Guarulhos como sede: festa da cidade e responsabilidade dobrada
A nova geração do Flamengo cresce já entendendo o peso de jogar em casa. Guarulhos se consolidou como uma das sedes mais vibrantes da Copinha. Caio destaca:
“Guarulhos faz uma festa gigante. O estádio lota. A responsabilidade é gigante, mas satisfatória. A cidade para para assistir o Flamengo.” A relação com o poder público também reforça o projeto: “Lucas Sanches ajudou a viabilizar a Copinha. O vice Thiago Surfista é muito presente, um amigo. O secretário Ticiano também está ajudando. É uma parceria importante, mesmo que a gestão ainda seja recente”.
Novo treinador: Wallison retorna ao clube para liderar o sub-20
A Copinha 2026 marca o retorno de Wallison ao Flamengo, agora como treinador do sub-20. Ele já havia comandado o sub-17 e levado o clube a três quartas de final do Campeonato Paulista. Há dois meses no cargo, ele chega para dar continuidade ao novo ciclo da base. Sobre a herança deixada pela campanha de 2025, ele afirma: “Subir o sarrafo só ajuda. É melhor trabalhar tentando fazer igual ou melhor do que corrigindo campanhas ruins. O grupo do ano passado deixou um legado”, afirma em entrevista ao Radar.
O treinador do Corvo classifica a chave da equipe como uma das mais equilibradas da Copinha. “O Vitória dispensa comentários. O Capivariano vem forte. O Rio Branco fez bons resultados. E o Flamengo hoje tem respeito na base. É um grupo em que todos se respeitam”, avalia. O treinador faz questão de reforçar que o Flamengo chega com humildade, estudo e organização.
A estrutura da base e o trabalho mental
O treinador destaca que a Copinha exige mais do que talento:
“O Flamengo trabalha do sub-11 ao sub-20 com bons treinadores. Isso cria uma base forte. Meu papel é mostrar que é mais um capítulo da vida deles. A Copinha pode mudar uma carreira, mas não pode ser um peso.
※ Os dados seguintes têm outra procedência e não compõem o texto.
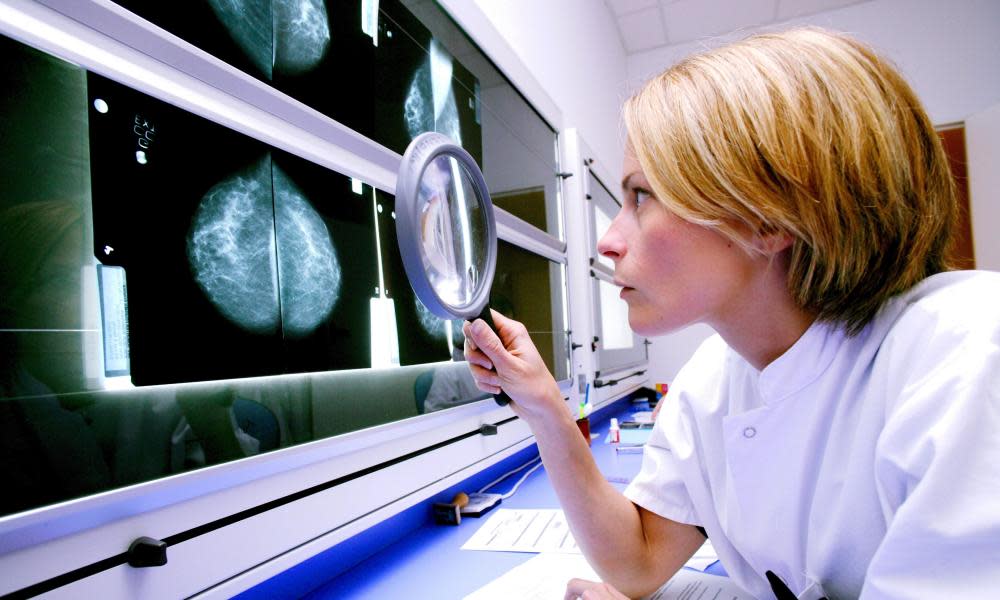 A radiologist examines mammograms on a lightbox with a magnifier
Trabalhamos muito a ansiedade, com psicologia e comissão técnica, para que eles cheguem leves.”
O caldeirão do Tranquilidade
Wallison define bem o ambiente que espera os adversários: “Aqui vira um caldeirão. A torcida é o espelho do que acontece em campo. Vamos entregar nosso máximo para fazer a torcida vibrar”.
Projeção para a temporada: mais do que Copinha
A meta imediata é clara: superar o desempenho da edição 2025. Mas o Flamengo já pensa além e mira o Campeonato Paulista sub-20, trabalha cada vez mais a transição entre as categorias, quer dar continuidade à base própria, se fortalecer enquanto instituição e consolidar Guarulhos como uma sede permanente da primeira fase da Copinha.
O clube divulgará o elenco oficial da Copinha próximo ao Natal. A diretoria assegura que grande parte dos destaques da campanha anterior permanece no grupo.
Chamado final à torcida
O presidente Caio Soler convida a torcida para os jogos da competição: “É entrada franca. Cheguem cedo. Vamos fazer mais uma festa linda. Os meninos contam muito com esse apoio.” Guarulhos está pronta para viver novamente seu janeiro rubro-negro. E o Flamengo também.